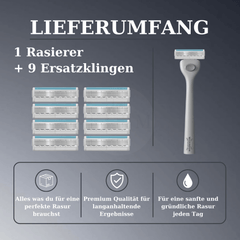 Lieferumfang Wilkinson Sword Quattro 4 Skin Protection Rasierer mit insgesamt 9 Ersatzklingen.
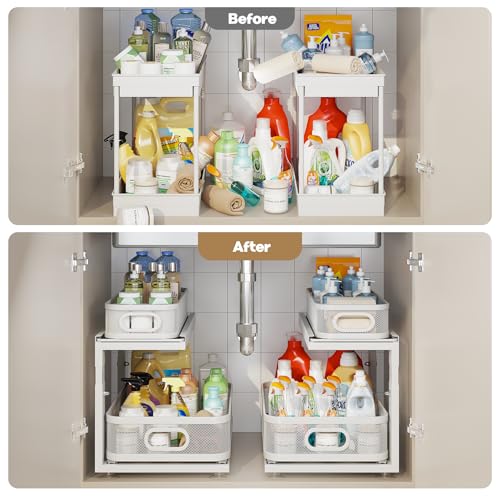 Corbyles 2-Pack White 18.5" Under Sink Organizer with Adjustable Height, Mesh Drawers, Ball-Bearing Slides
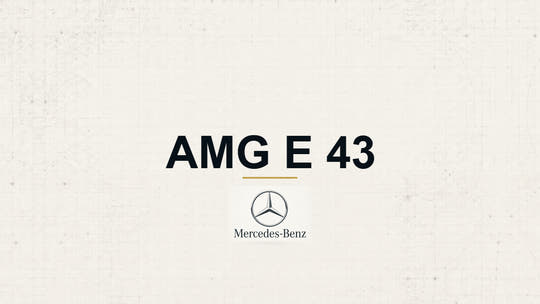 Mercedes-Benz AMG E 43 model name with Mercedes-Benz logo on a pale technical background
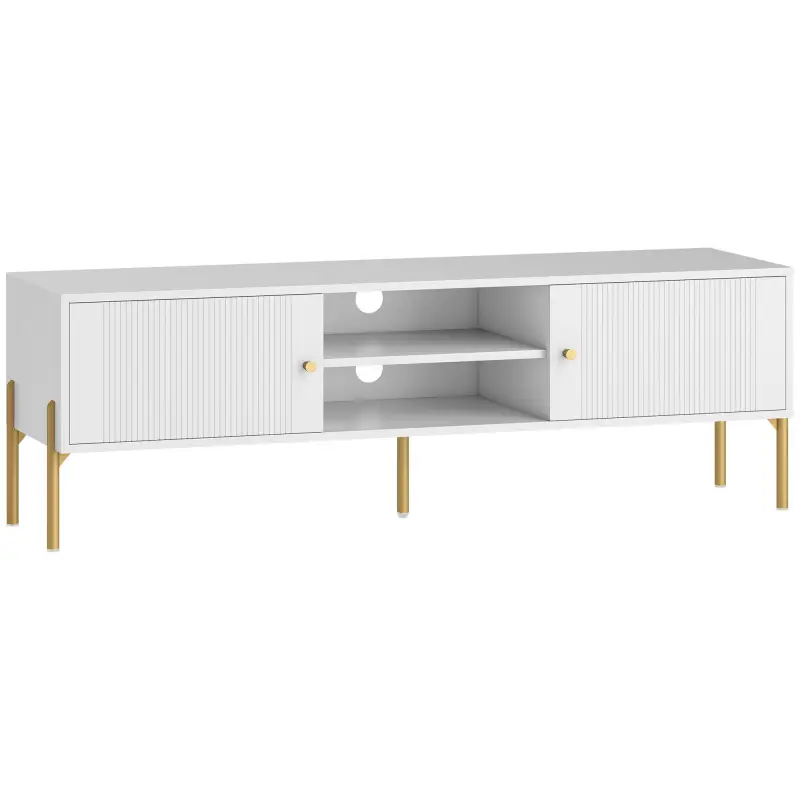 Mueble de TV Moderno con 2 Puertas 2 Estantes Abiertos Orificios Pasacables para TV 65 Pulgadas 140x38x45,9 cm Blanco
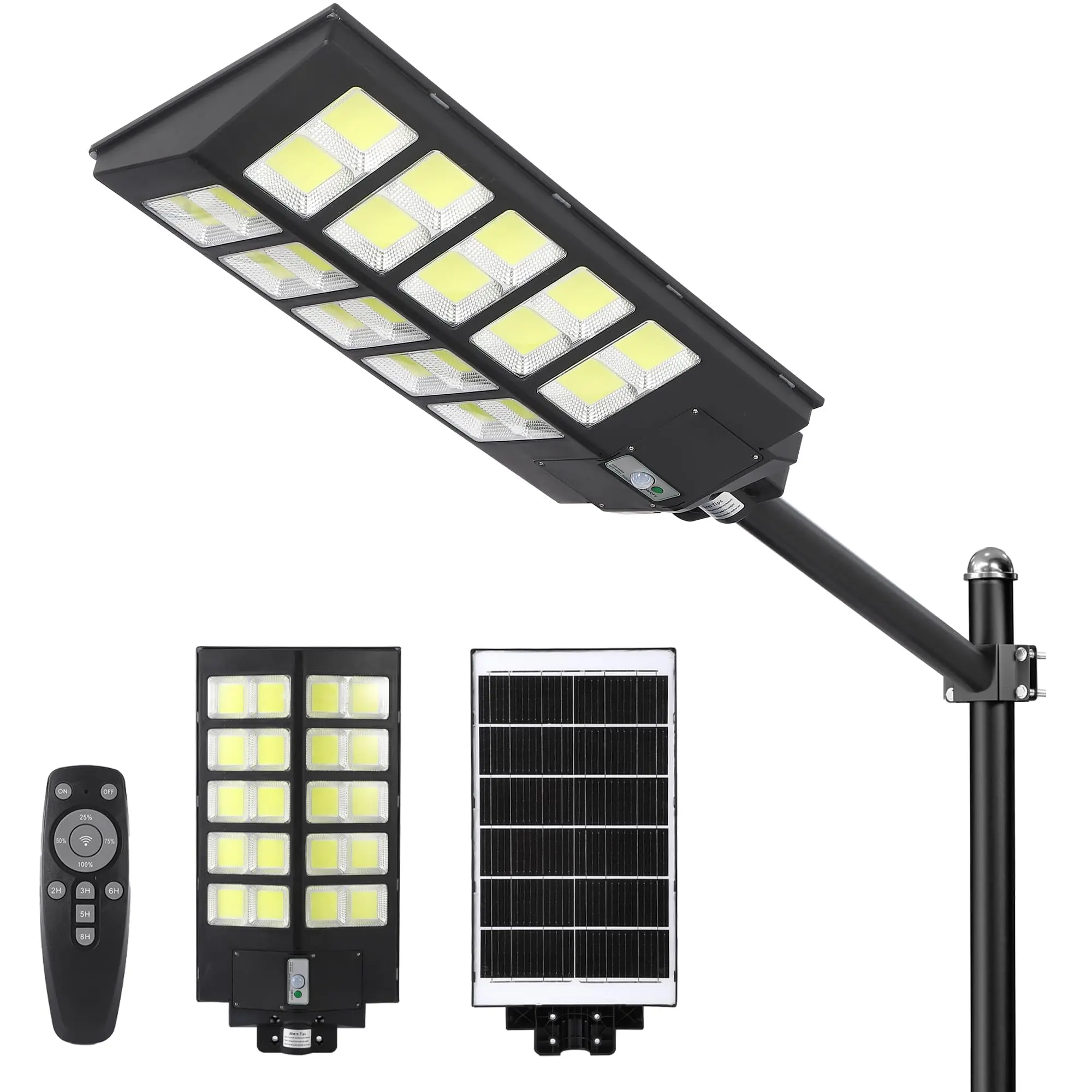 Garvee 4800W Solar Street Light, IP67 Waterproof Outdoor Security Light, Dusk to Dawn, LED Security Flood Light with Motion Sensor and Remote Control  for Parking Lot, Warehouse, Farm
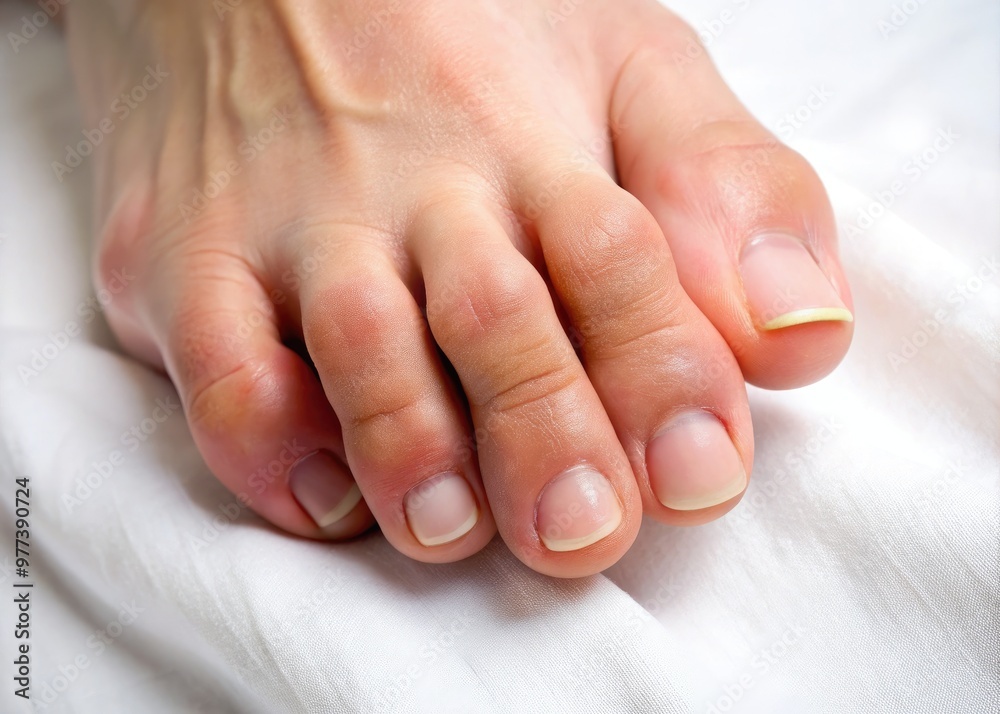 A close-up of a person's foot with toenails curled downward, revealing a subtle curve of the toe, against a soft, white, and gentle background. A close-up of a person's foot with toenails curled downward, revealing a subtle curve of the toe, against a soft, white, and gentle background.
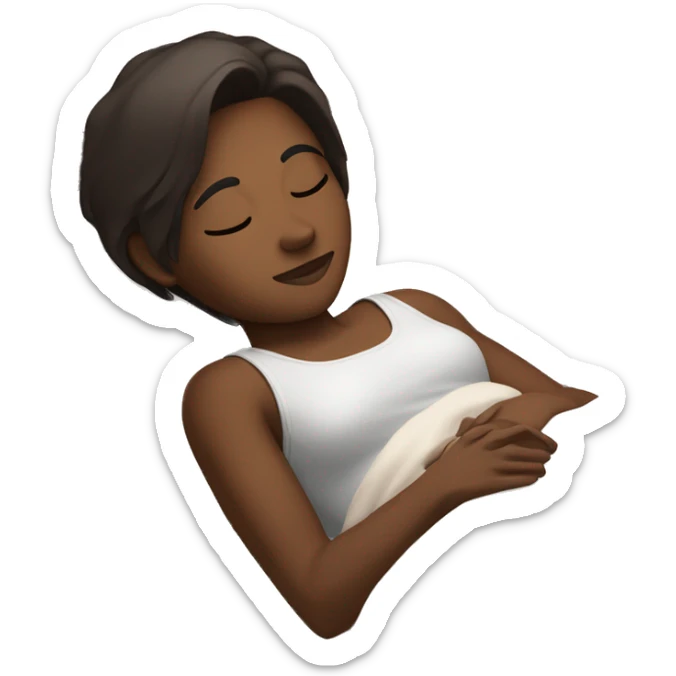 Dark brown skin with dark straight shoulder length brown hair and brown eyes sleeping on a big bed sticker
##############################
What you are asked to do:
Lines from the start of the listing above through the line holding "Garvee 4800W Solar" are to be duplicated exactly, and nothing more; leave out the pictures.

Output:
 Lieferumfang Wilkinson Sword Quattro 4 Skin Protection Rasierer mit insgesamt 9 Ersatzklingen.
 Corbyles 2-Pack White 18.5" Under Sink Organizer with Adjustable Height, Mesh Drawers, Ball-Bearing Slides
 Mercedes-Benz AMG E 43 model name with Mercedes-Benz logo on a pale technical background
 Mueble de TV Moderno con 2 Puertas 2 Estantes Abiertos Orificios Pasacables para TV 65 Pulgadas 140x38x45,9 cm Blanco
 Garvee 4800W Solar Street Light, IP67 Waterproof Outdoor Security Light, Dusk to Dawn, LED Security Flood Light with Motion Sensor and Remote Control  for Parking Lot, Warehouse, Farm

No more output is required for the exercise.